Reproduce the entries beneath exactly, without their images.

__Supplied entries__.
++++++++
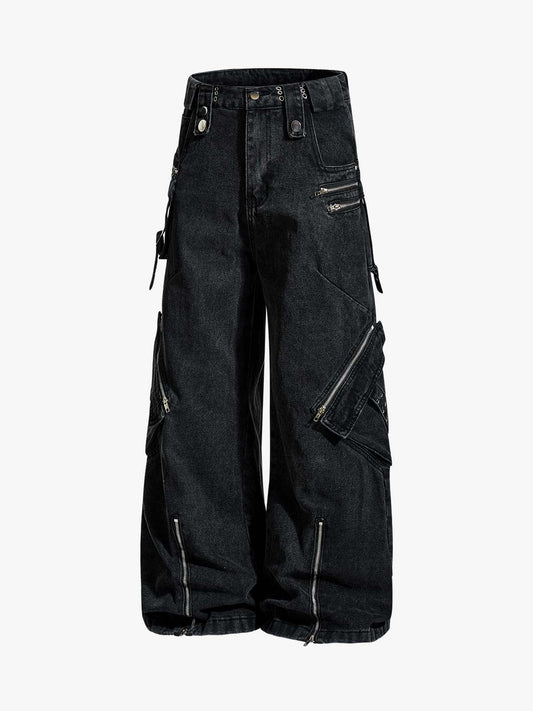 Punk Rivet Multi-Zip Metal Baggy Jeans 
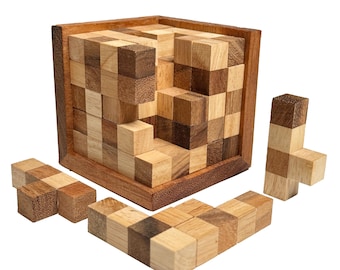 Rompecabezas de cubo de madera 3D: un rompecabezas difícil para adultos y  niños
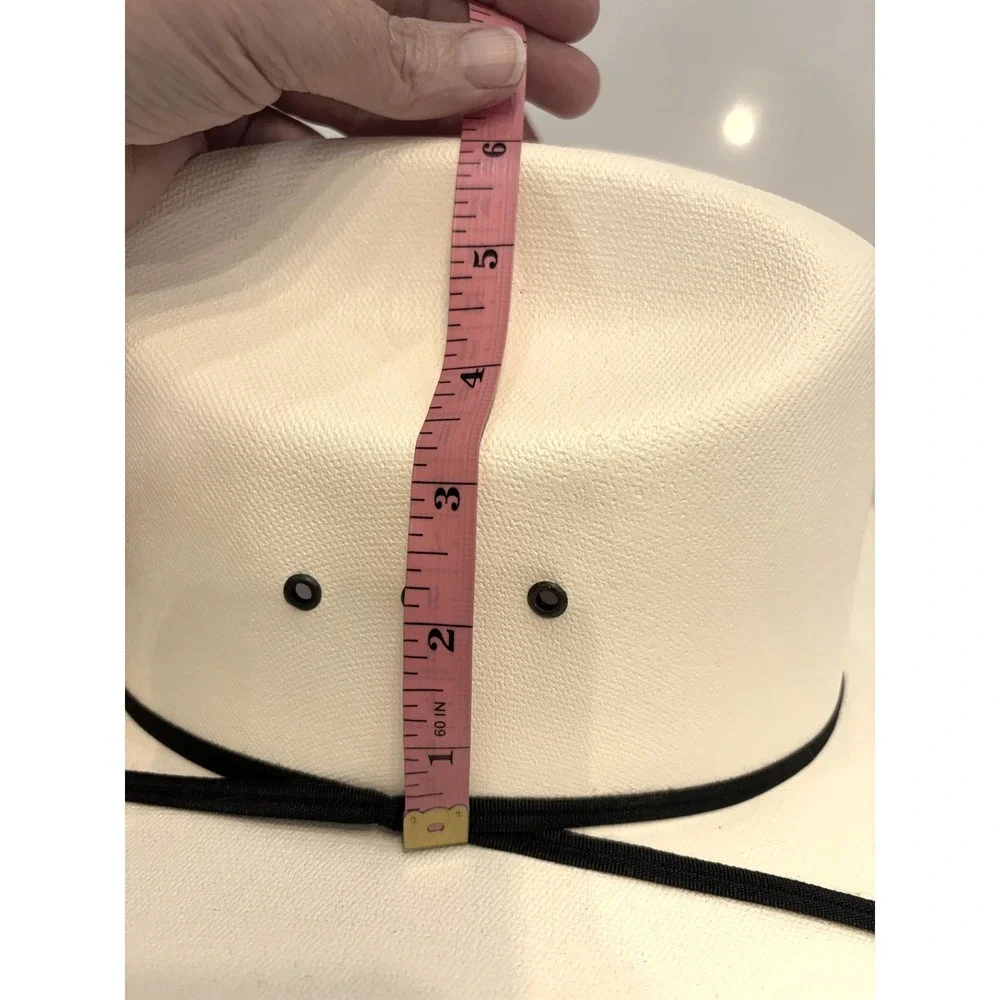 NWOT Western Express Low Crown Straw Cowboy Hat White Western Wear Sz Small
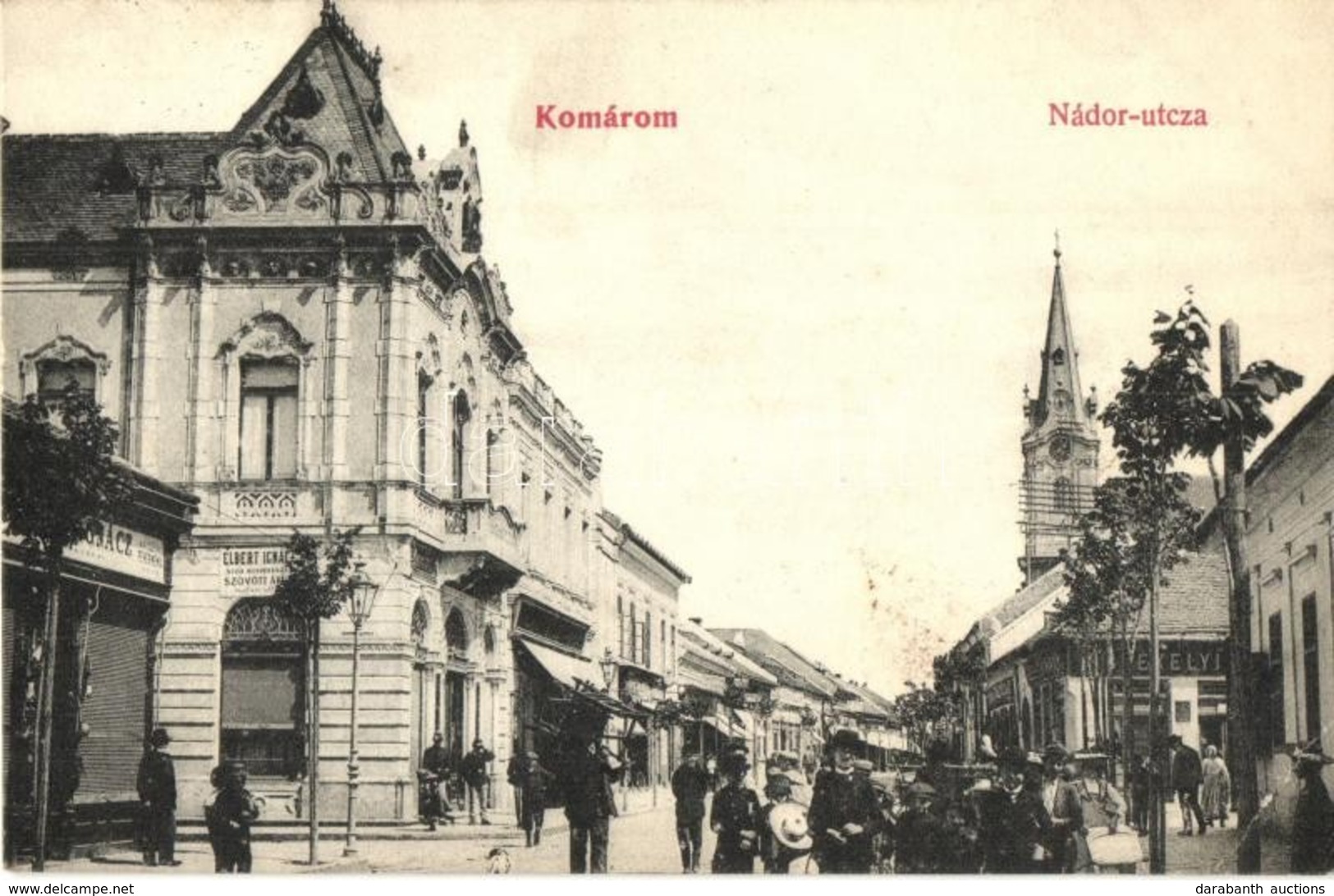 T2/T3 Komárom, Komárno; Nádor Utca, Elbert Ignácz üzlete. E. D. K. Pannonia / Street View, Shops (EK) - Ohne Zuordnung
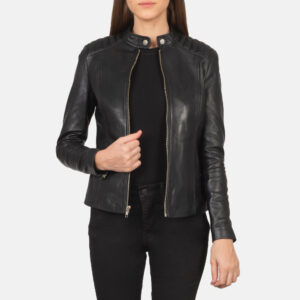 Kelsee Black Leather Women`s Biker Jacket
++++++++
__Answer area__.
 Punk Rivet Multi-Zip Metal Baggy Jeans 
 Rompecabezas de cubo de madera 3D: un rompecabezas difícil para adultos y  niños
 NWOT Western Express Low Crown Straw Cowboy Hat White Western Wear Sz Small
 T2/T3 Komárom, Komárno; Nádor Utca, Elbert Ignácz üzlete. E. D. K. Pannonia / Street View, Shops (EK) - Ohne Zuordnung
 Kelsee Black Leather Women`s Biker Jacket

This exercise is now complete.